— DATA SHOWN —
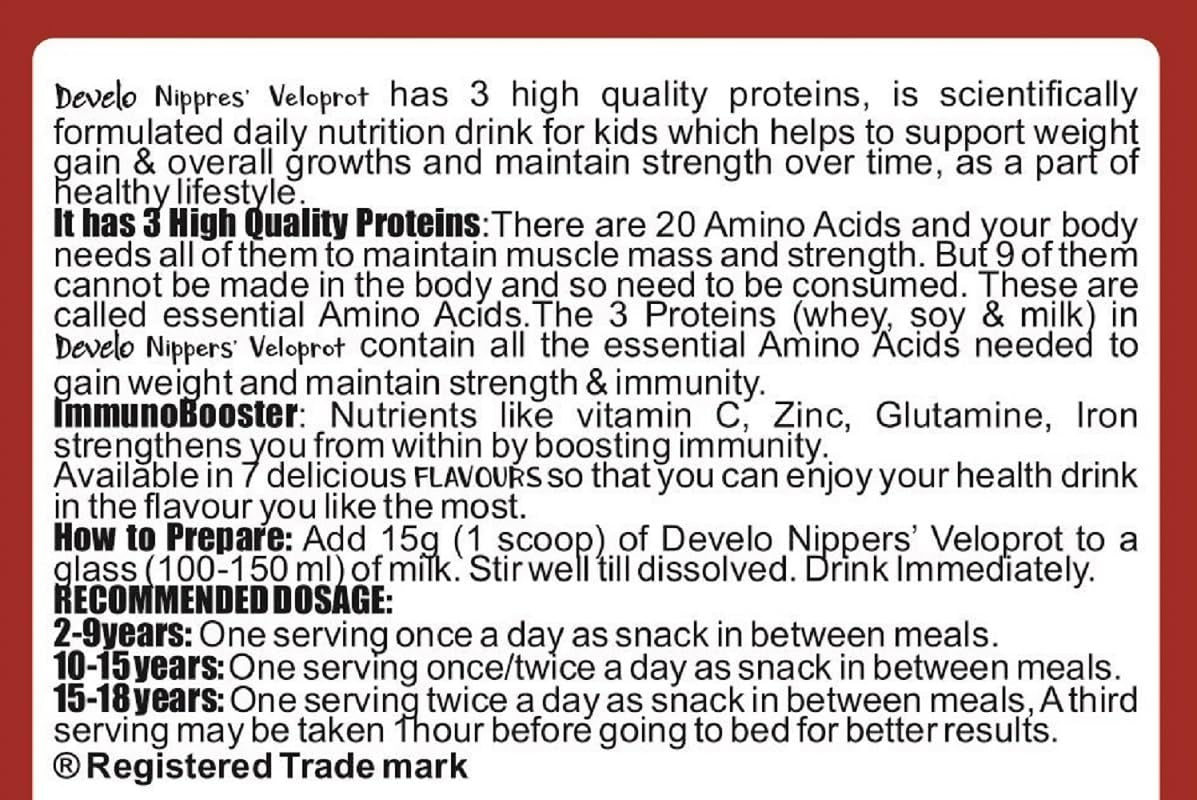 Develo Kid's Protein Powder (Triple, Whey, Soy & Milk), Height & Weight for 2-12 years & Teenagers – 500 g Powder Vanilla Flavour
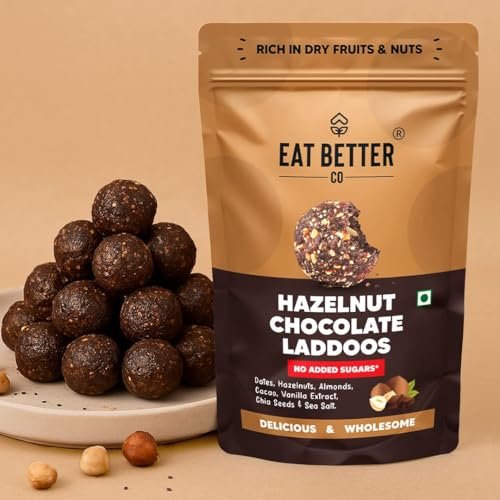 EAT BETTER CO - Hazelnut & Chocolate - Dates & Dry-Fruits Laddoos - Pack of 20 | No Added Sugar, High Protein & Instant Energy | Healthy Chocolate | Healthy Snacks | Energy-Bar Replacement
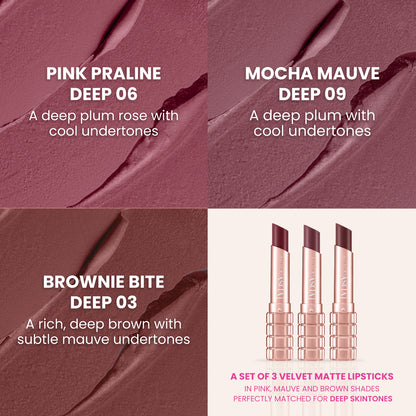 DARK TRIO COCOA PEPTIDE VELVET MATTE LIPSTICK COMFORT MATTE LIPSTICK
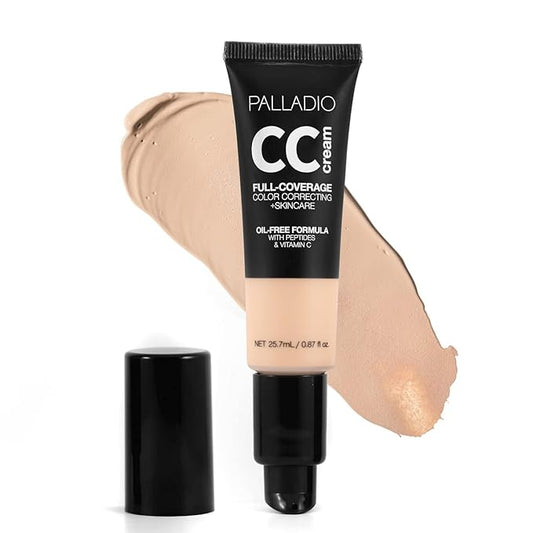 Palladio Full-Coverage Color Correction CC Cream, Oil-Free with Peptides & Vitamin C, Best for Correcting Redness and Uneven Skin Tone, Buildable Foundation Coverage (Fair 10C)-VivaGrace Women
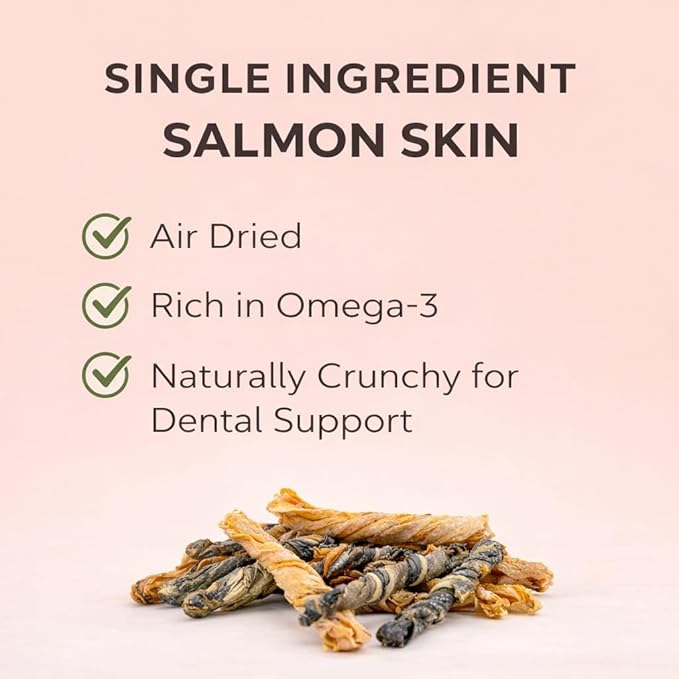 TAIL & TONIC Salmon Skin Dog Treats - Single Ingredient, Air-Dried Chewy Fish Skins, High Protein, Omega-3 Rich Dental Chews (Salmon Skin Twist)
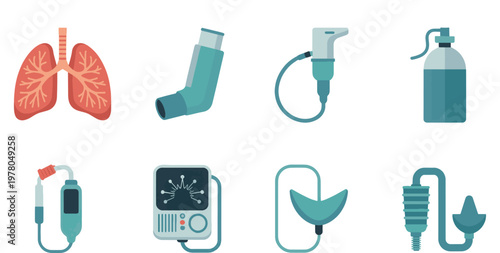 Lungs and respiratory medical equipment icons are displayed in a flat vector style to illustrate pulmonary care and diagnostic tools for patients with asthma or other chronic breathing conditions.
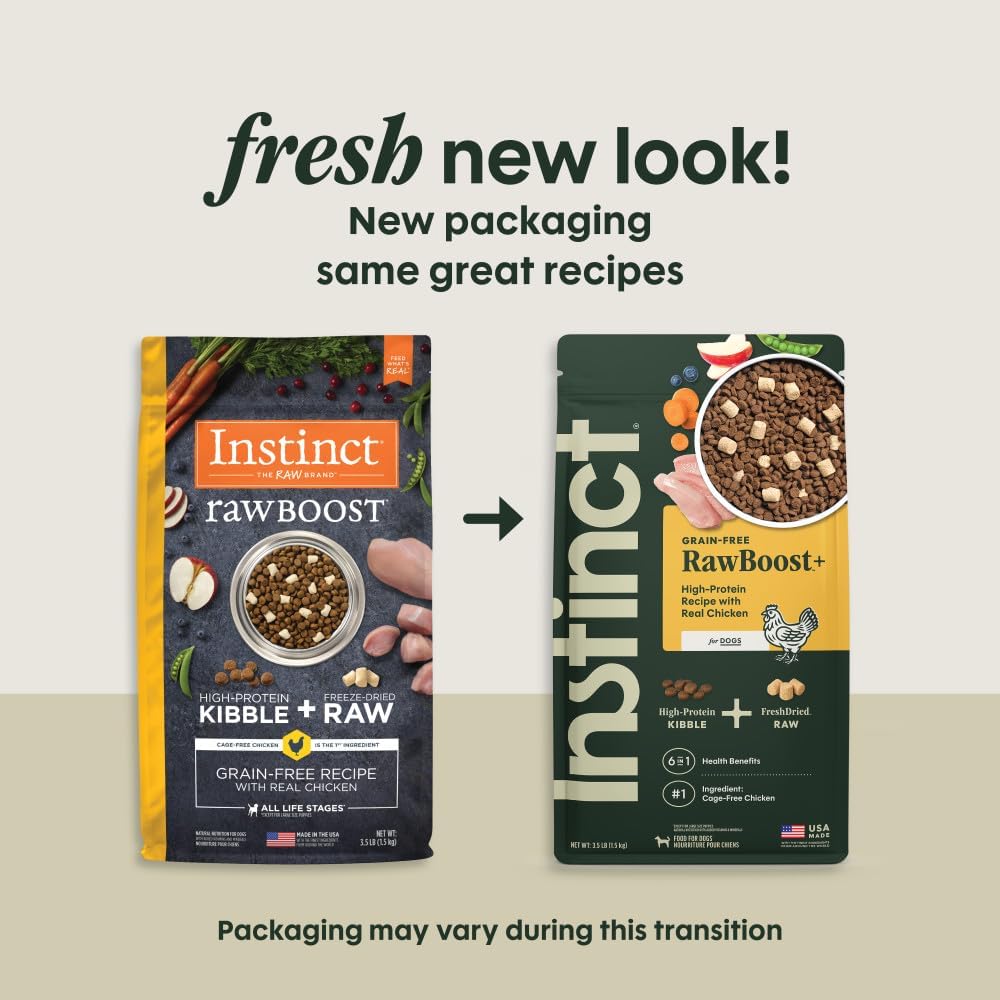 Instinct Raw Boost, Natural Dry Dog Food with Freeze Dried Pieces, High Protein, Grain Free Recipe - Real Chicken, 3.5 lb. Bag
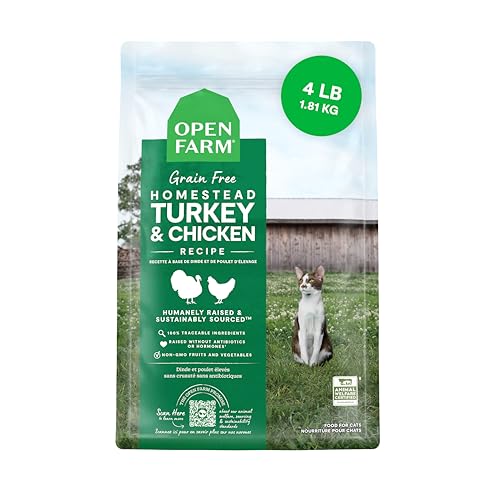 Open Farm, Grain Free Dry Cat Food, High-Protein Kibble for a Complete & Balanced Diet, Non-GMO Fruits & Vegetables, Prebiotic Fibers to Support Digestion, Homestead Turkey & Chicken Recipe, 4lb Bag
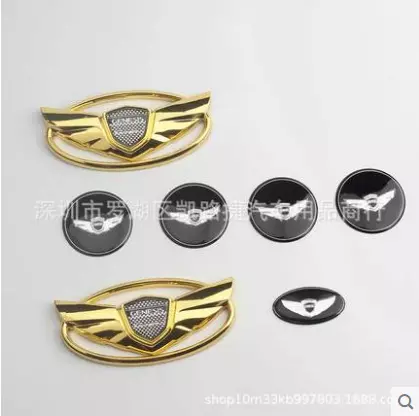Set di 7 set Genesis Gold Cup Distintivo Cofano Baule Copri Volante Ruota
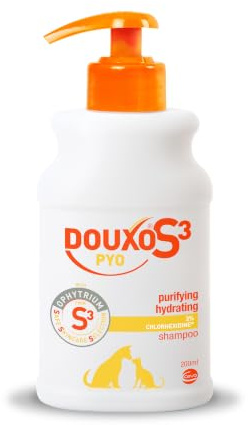 DOUXO S3 PYO Antibacterial and Antifungal Dog and Cat Shampoo - Hypoallergenic Fragrance - Veterinary Recommended and Clinically Proven - Created with dermatologists - Safe Skincare Selection - 200ml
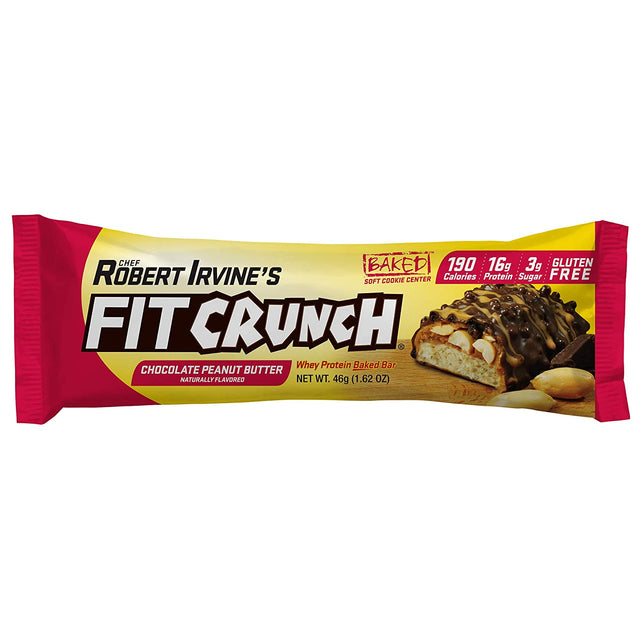 FITCRUNCH Snack Size Protein Bars, Designed by Robert Irvine, World’S Only 6-Layer Baked Bar, Just 3G of Sugar & Soft Cake Core (Chocolate Peanut Butter)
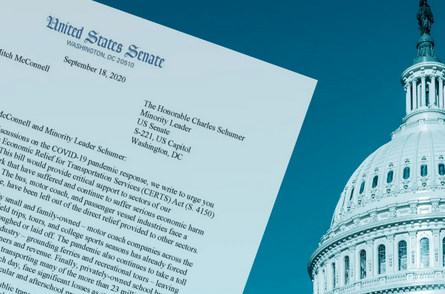 In a breakthrough move for motorcoach industry advocates, today 26 U.S. Senators signed onto a letter urging Senate Majority Leader Mitch McConnell and Minority Leader Charles Schumer to include the Coronavirus Economic Relief for Transportation Services (CERTS) Act in the next relief package.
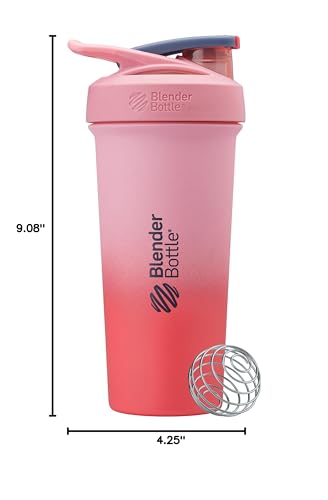 BlenderBottle Sport Sleek Insulated Stainless Steel Shaker Bottle with Wire Whisk, 25-Ounce, Flamingo Ombre – Protein Shakes & Hydration for Athletes & Fitness Enthusiasts, Easy Mixing, Slim Easy to Hold, Keeps Drinks Cold, Lockable Lid
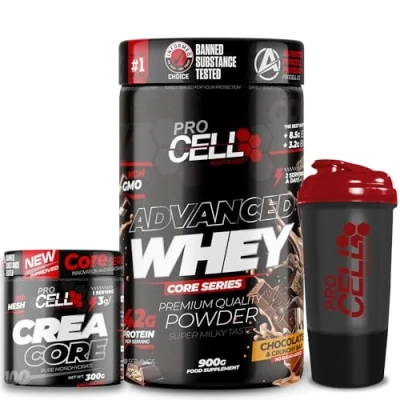 Imagen de ProCell PACK Whey Core + Crea 300gr Shaker REGALO proteina concentrada Gana masa muscular, en polvo Creatina monohidrato (900 gr, Chocolate &amp; Crunchy Bar)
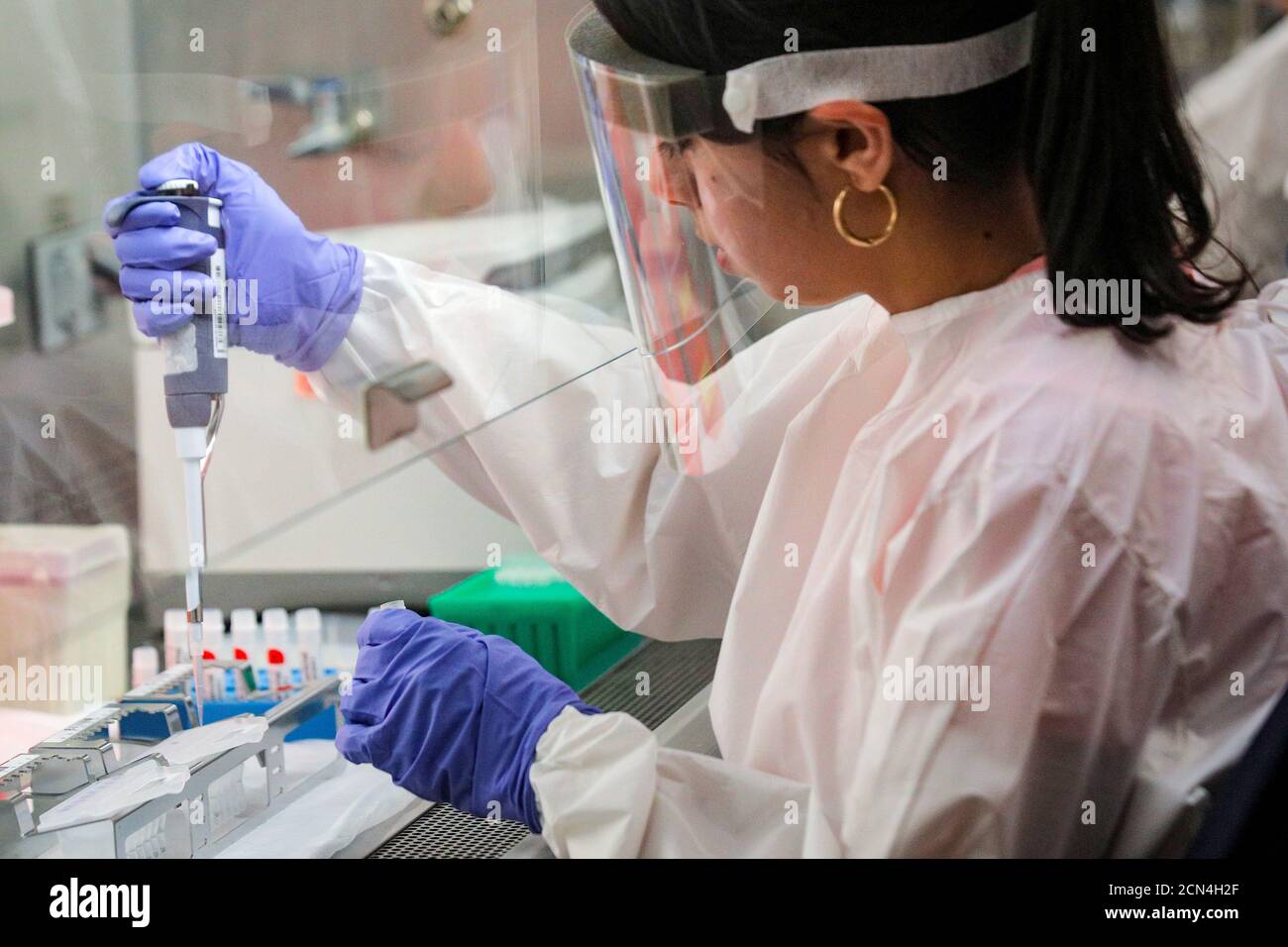 Scientists work in a lab testing COVID-19 samples at New York City's health department, during the outbreak of the coronavirus disease (COVID-19) in New York City, New York U.S., April 23, 2020. Picture taken April 23, 2020. REUTERS/Brendan McDermid Stock Photo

— EXERCISE GOAL —
Within the listing above, the lines from the one with "Lungs and respiratory" through the one with "Imagen de ProCell" are to be given again word for word. Do not include pictures.

— EXERCISE RESULT —
 Lungs and respiratory medical equipment icons are displayed in a flat vector style to illustrate pulmonary care and diagnostic tools for patients with asthma or other chronic breathing conditions.
 Instinct Raw Boost, Natural Dry Dog Food with Freeze Dried Pieces, High Protein, Grain Free Recipe - Real Chicken, 3.5 lb. Bag
 Open Farm, Grain Free Dry Cat Food, High-Protein Kibble for a Complete & Balanced Diet, Non-GMO Fruits & Vegetables, Prebiotic Fibers to Support Digestion, Homestead Turkey & Chicken Recipe, 4lb Bag
Set di 7 set Genesis Gold Cup Distintivo Cofano Baule Copri Volante Ruota
 DOUXO S3 PYO Antibacterial and Antifungal Dog and Cat Shampoo - Hypoallergenic Fragrance - Veterinary Recommended and Clinically Proven - Created with dermatologists - Safe Skincare Selection - 200ml
 FITCRUNCH Snack Size Protein Bars, Designed by Robert Irvine, World’S Only 6-Layer Baked Bar, Just 3G of Sugar & Soft Cake Core (Chocolate Peanut Butter)
 In a breakthrough move for motorcoach industry advocates, today 26 U.S. Senators signed onto a letter urging Senate Majority Leader Mitch McConnell and Minority Leader Charles Schumer to include the Coronavirus Economic Relief for Transportation Services (CERTS) Act in the next relief package.
 BlenderBottle Sport Sleek Insulated Stainless Steel Shaker Bottle with Wire Whisk, 25-Ounce, Flamingo Ombre – Protein Shakes & Hydration for Athletes & Fitness Enthusiasts, Easy Mixing, Slim Easy to Hold, Keeps Drinks Cold, Lockable Lid
 Imagen de ProCell PACK Whey Core + Crea 300gr Shaker REGALO proteina concentrada Gana masa muscular, en polvo Creatina monohidrato (900 gr, Chocolate &amp; Crunchy Bar)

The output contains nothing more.